In the final section of this tutorial, you will investigate how the buffer size impacts the total performance. In this section you will focus on the host code in src/buf_host.cpp.

The execution loop is the same as it was at the end of the prior section. However, in the src/buf_host.cpp file the number of tasks to be processed has increased to 100. The goal of this change is to get 100 accelerator calls to transfer 100 buffers and read 100 buffers. This enables the tool to get a more accurate average throughput estimate per transfer.

A second command line option (SIZE=) has also been added to specify the buffer size for a specific run. The actual buffer size transferred during a single write or read is determined by calculating to the power of the specified argument (pow(2, argument)) multiplied by 512-bits.

  1. Compile and run the host code.

    make run TARGET=hw DEVICE=xilinx_u200_gen3x16_xdma_2_202110_1 SIZE=14 LAB=buf
    

    The argument SIZE is used as a second argument to the host executable.

    NOTE: If SIZE is not specified it defaults to SIZE=14.

    This allows the code to execute the implementation with different buffer sizes and measure throughput by monitoring the total compute time. This number is calculated in the test bench and reported through the FPGA Throughput output.
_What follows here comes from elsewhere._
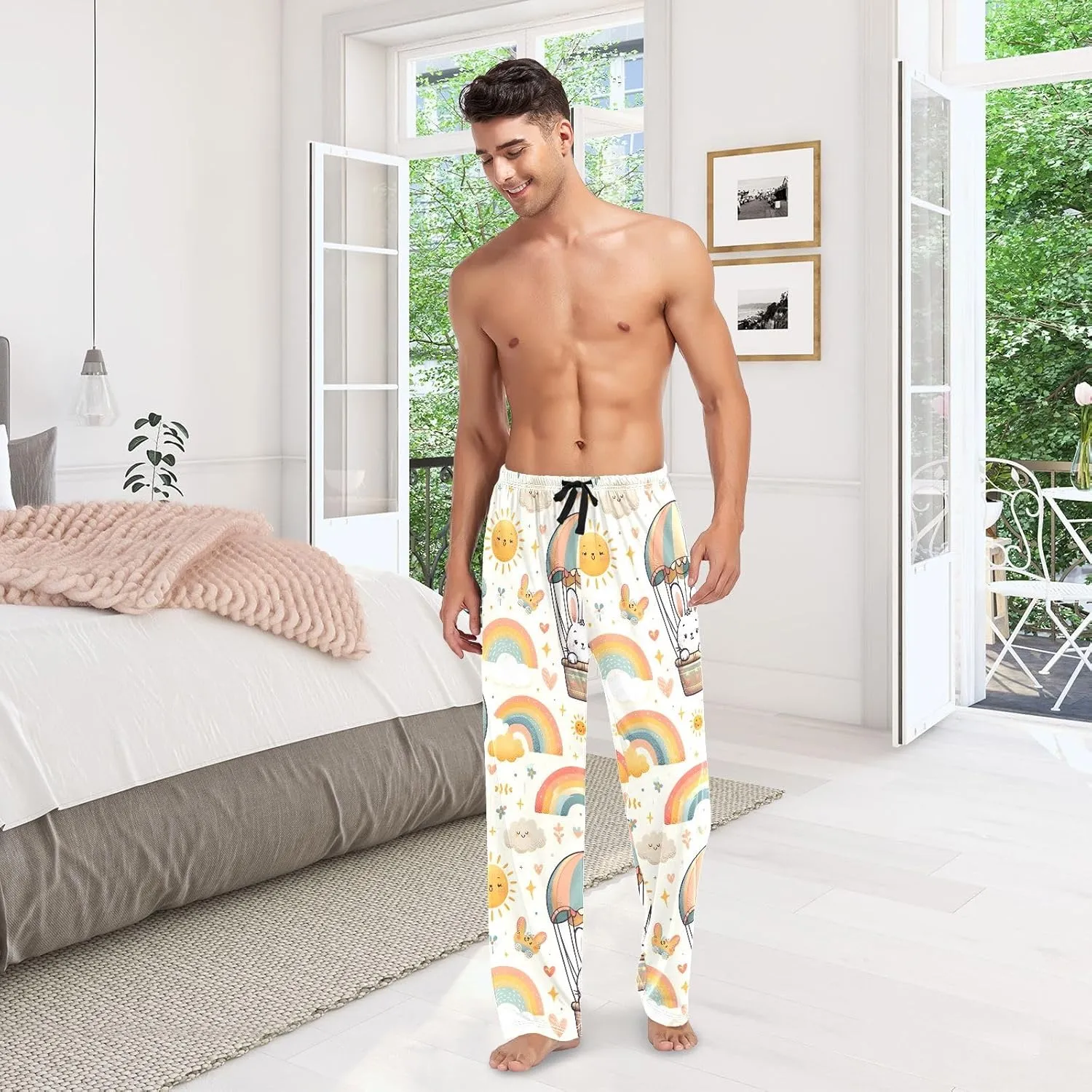 Bunnies in Hot Air Balloons Men's Pajama Pants Lightweight Sleepwear Bottom Lounge Pants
  2. After the run completes, open the Application Timeline using the Vitis analyzer, then click the Application Timeline located at left side panel.

    vitis_analyzer buf/pass.hw.xilinx_u200_gen3x16_xdma_2_202110_1.xclbin.run_summary
    

    Examine the tmeline to review the operation.

  3. To ease the sweeping of different buffer sizes, an additional makefile target was created, wich can be run using the following command.

    make TARGET=hw DEVICE=xilinx_u200_gen3x16_xdma_2_202110_1 bufRunSweep
    

    NOTE: The sweeping script (auxFiles/run.py) requires a Python installation, which is available in most systems.

    Executing the sweep will run and record the FPGA throughput for buffer SIZE arguments from 8 to 19. The measured throughput values are recorded together with the actual number of bytes per transfer in the buf/results.csv file, which is printed at the end of the makefile execution.

    When analyzing these numbers, a step function similar to the following image should be displayed.
    ../../../_images/stepFunc.PNG

    This image shows that the buffer size (x-axis, bytes per transfer) clearly impacts performance (y-axis, FPGA Throughput in MB/s), and starts to level out around 2 MB.

    NOTE: This image is created through gnuplot from the results.csv file, and if found on your system, it will be displayed automatically after you run the sweep.

Concerning host code performance, this step function identifies a relationship between buffer size and total execution speed. As shown in this example, it is easy to take an algorithm and alter the buffer size when the default implementation is based on a small amount of input data. It does not have to be dynamic and runtime deterministic, as performed here, but the principle remains the same. Instead of transmitting a single value set for one invocation of the algorithm, you would transmit multiple input values and repeat the algorithm execution on a single invocation of the accelerator.